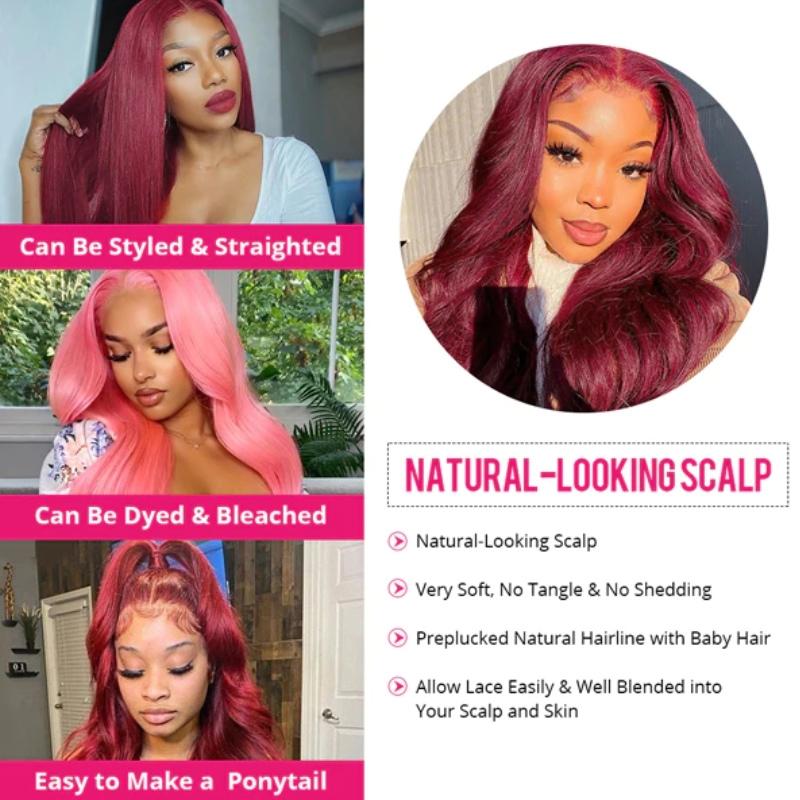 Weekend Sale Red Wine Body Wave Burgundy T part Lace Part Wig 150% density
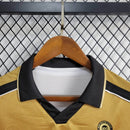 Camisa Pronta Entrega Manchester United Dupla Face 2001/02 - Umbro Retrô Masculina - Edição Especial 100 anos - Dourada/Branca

...

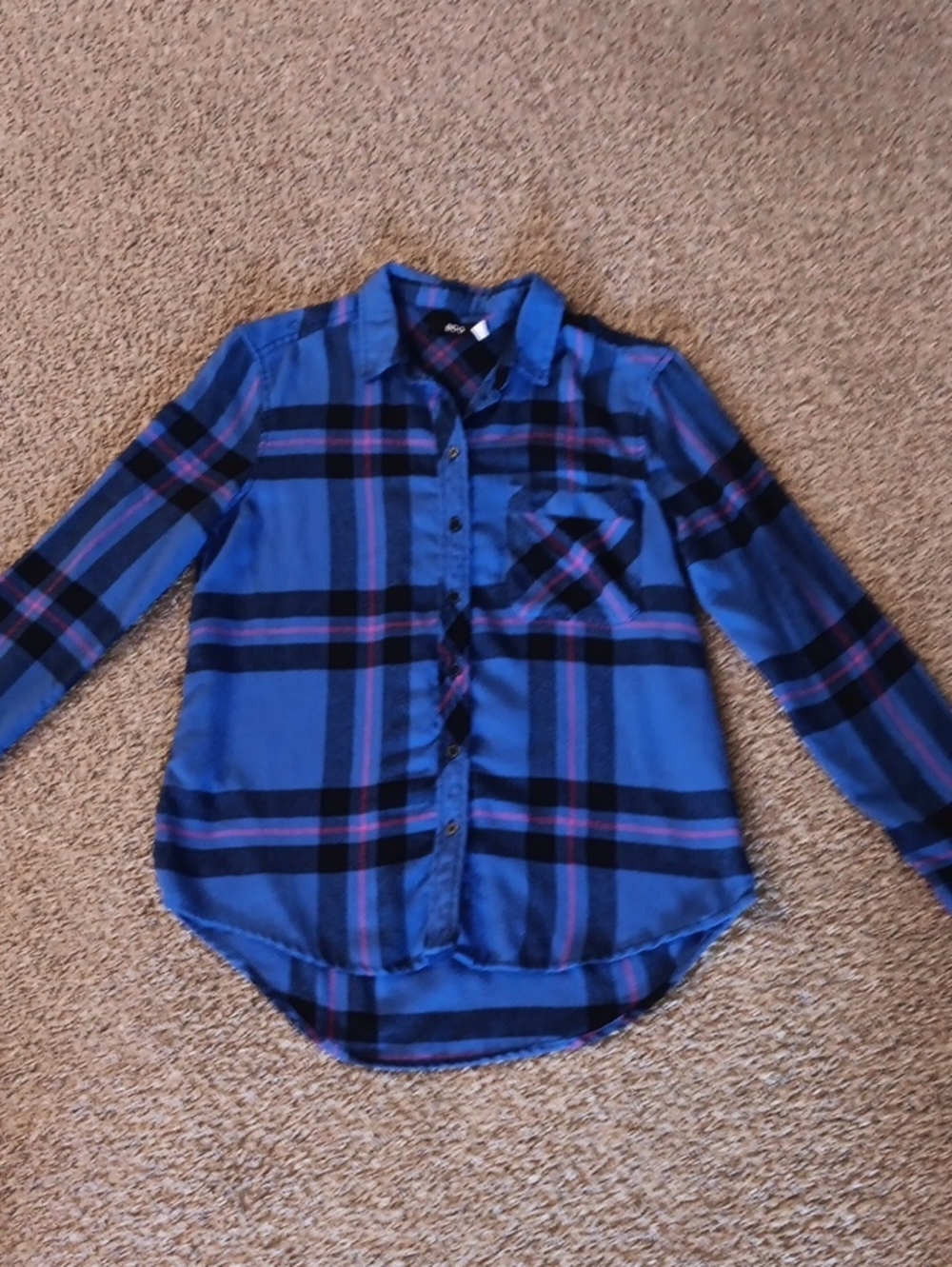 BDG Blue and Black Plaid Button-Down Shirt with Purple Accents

==

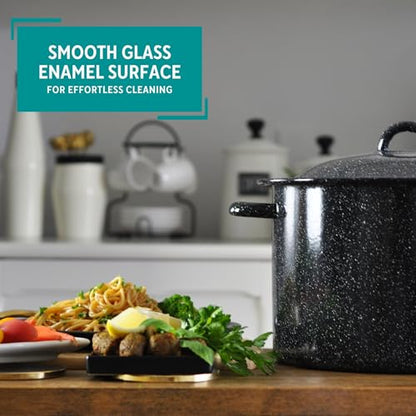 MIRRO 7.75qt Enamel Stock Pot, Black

** Work item **
Nothing but the lines from the one containing "Weekend Sale Red" through the one containing "Camisa Pronta Entrega" should appear, copied exactly from the material above and without pictures.

** Answer to the problem **
 Weekend Sale Red Wine Body Wave Burgundy T part Lace Part Wig 150% density
 Camisa Pronta Entrega Manchester United Dupla Face 2001/02 - Umbro Retrô Masculina - Edição Especial 100 anos - Dourada/Branca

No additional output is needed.